Records for this exercise:
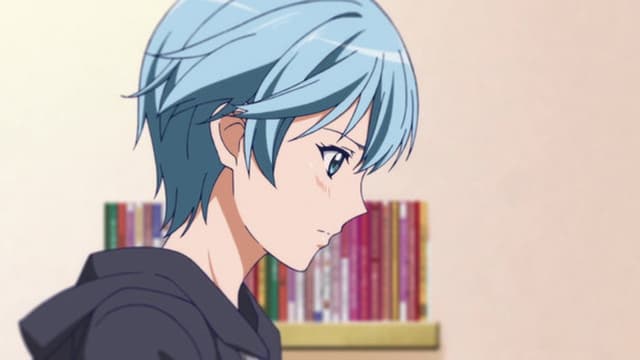 Fuuka 12. Bölüm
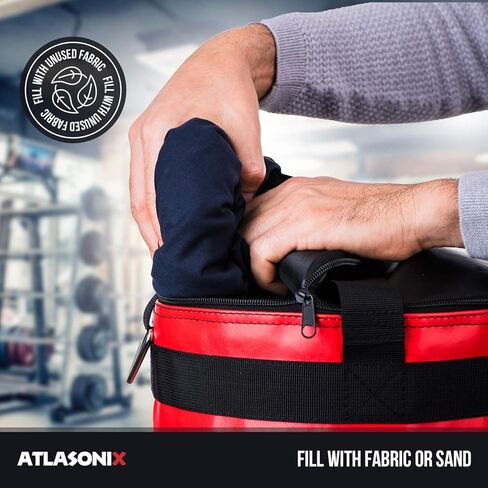 كيس ملاكمة معلق للاطفال لـ السقف/الجدار 0.6 متر، كيس ملاكمة غير مملوء بنمط احترافي للشباب للتدريب على فنون الدفاع عن النفس والملاكمة والكاراتيه للاولاد والبنات من سن 5 الى 15 سنة القفازات غير متضمنة in Kuwait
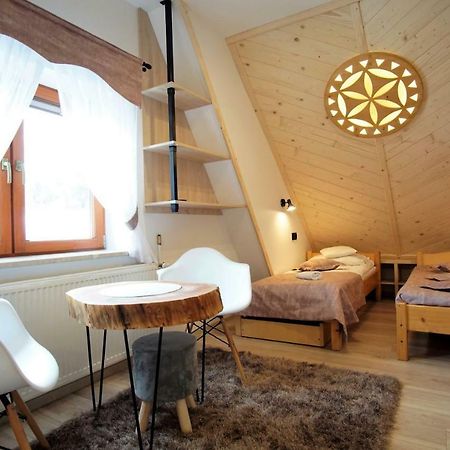 Apartamento U Janiny Bukowina Tatrzańska Exterior foto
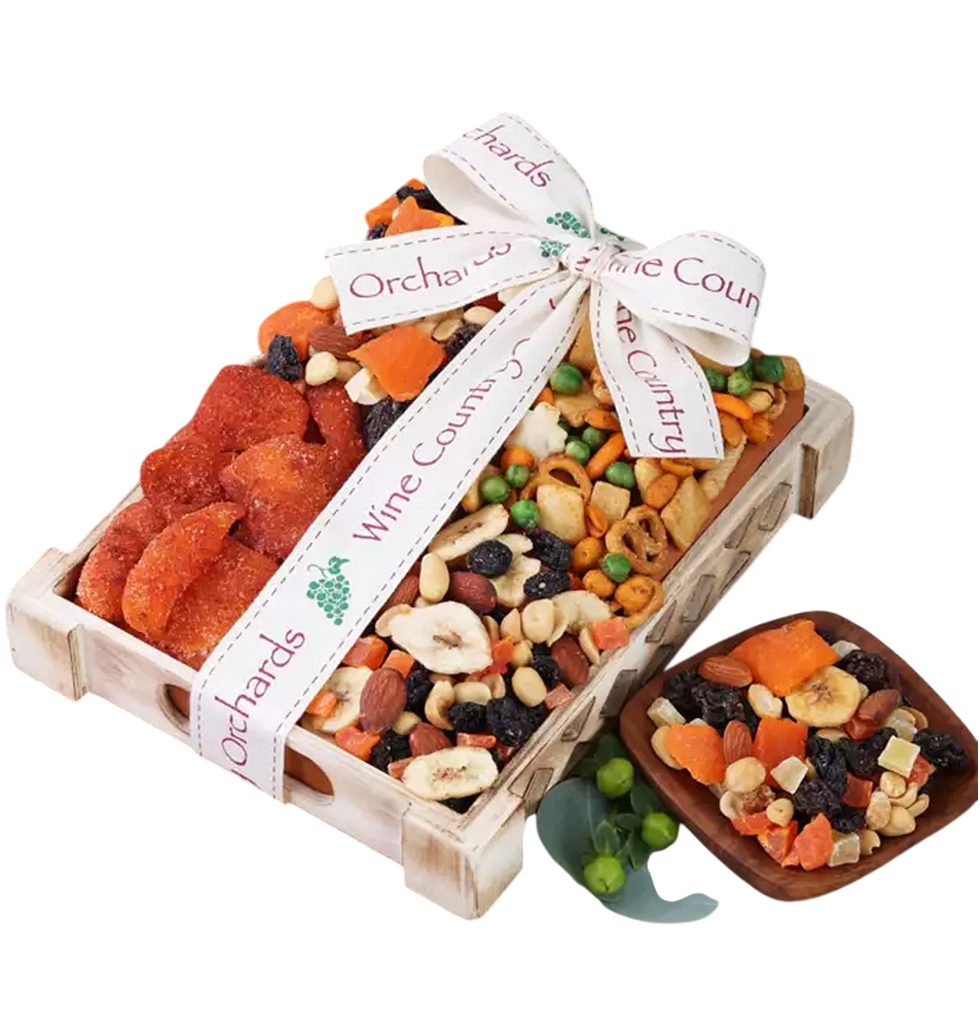 Tropical Treats Snack Tray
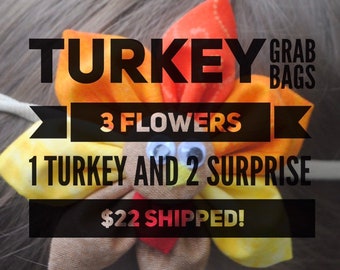 Turkey Grab Bag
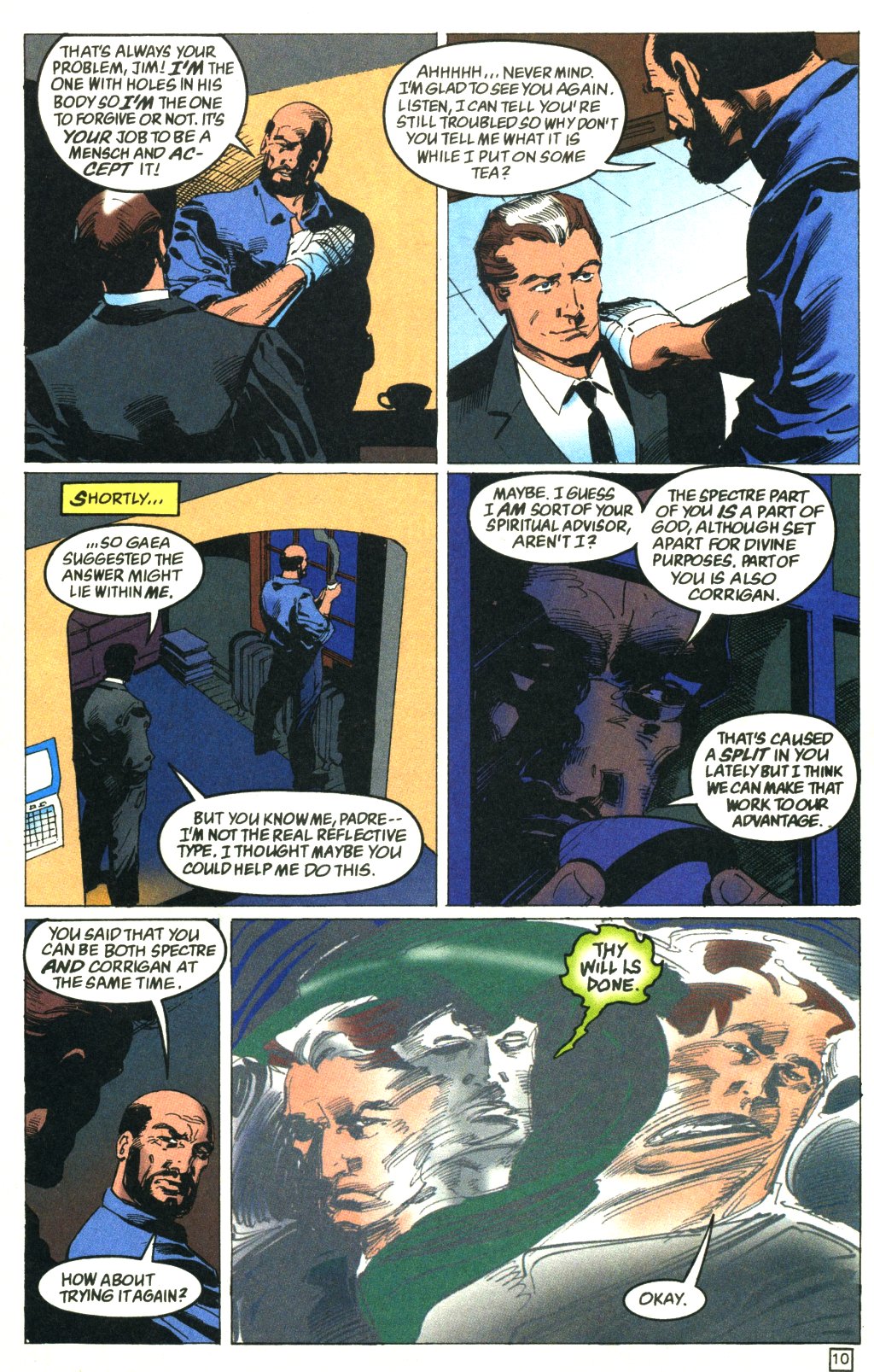 Read online The Spectre (1992) comic -  Issue #60 - 11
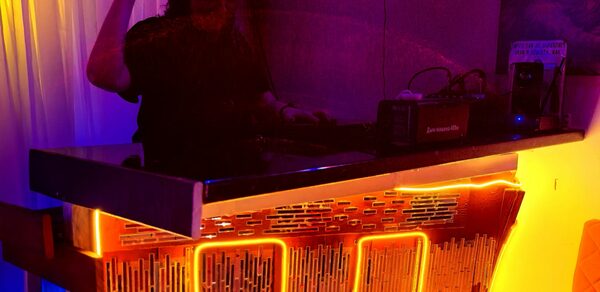 Таинственный лофт для ваших мероприятий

Exercise brief: Only the lines from the one containing "Apartamento U Janiny" through the end of the data above are to be output, exactly and without pictures.

Answer to this task:
 Apartamento U Janiny Bukowina Tatrzańska Exterior foto
 Tropical Treats Snack Tray
 Turkey Grab Bag
 Read online The Spectre (1992) comic -  Issue #60 - 11
 Таинственный лофт для ваших мероприятий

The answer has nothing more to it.